Tactics readied for a smallpox fight. A centers for Disease Control conference, with many of the infectious disease experts who participated in the effort to eradicate smallpox more than twenty years ago, has pulled together a protocol to deal woth an outbreak scenario. The CDC will make the plan public in 2-3 weeks after final revisions by public health officials around the country. The controversial — and perhaps unworkable — aspect of the plan is to vaccinate not only the ring of people who had come in contact with an infected individual or individuals, but to identify and vaccinate a second ring — those who had come into contact with the first circle of people. CDC officials say it is essential. Boston Globe
Meanwhile, the Shrub administration seems intent on vaccinating the entire populace.
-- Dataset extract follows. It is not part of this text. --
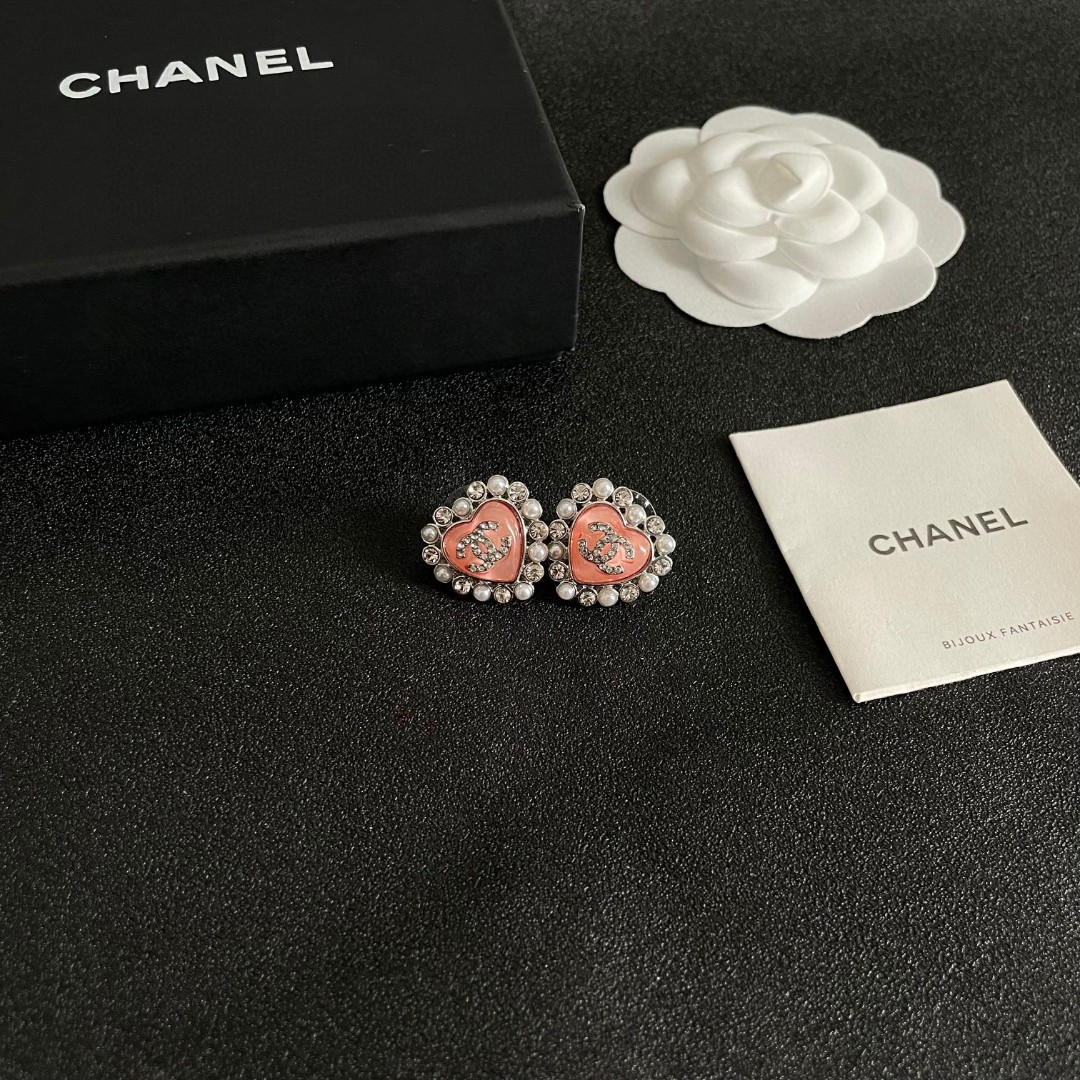  Chanel香奈儿 中古 双C耳钉👀原版复刻logo 小香家的款式真心无需多介绍😘🎶每一款都超好看，精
HHS Sec’y Tommy Thompson is pushing pharmaceutical companies to gear up manufacture of smallpox vaccine to have enough on hand for everyone. Shrub revelaed during yesterday’s visit to the CDC in
Atlanta that he is considering making the immunization program compulsory Times of London, despite the fact that hundreds would likely die from the vaccinations themselves.Smallpox immunization ended in the US in 1972; studies vary on whether those vaccinated 30 years ago would have any lingering protection against new exposure. The last naturally occurring case of smallpox occurred in Somalia in 1977, although two English laboratory workers were infected with smallpox in 1978 after an accidental exposure. Current stockpiles of smallpox virus are known to exist only in the US and the former Soviet Union.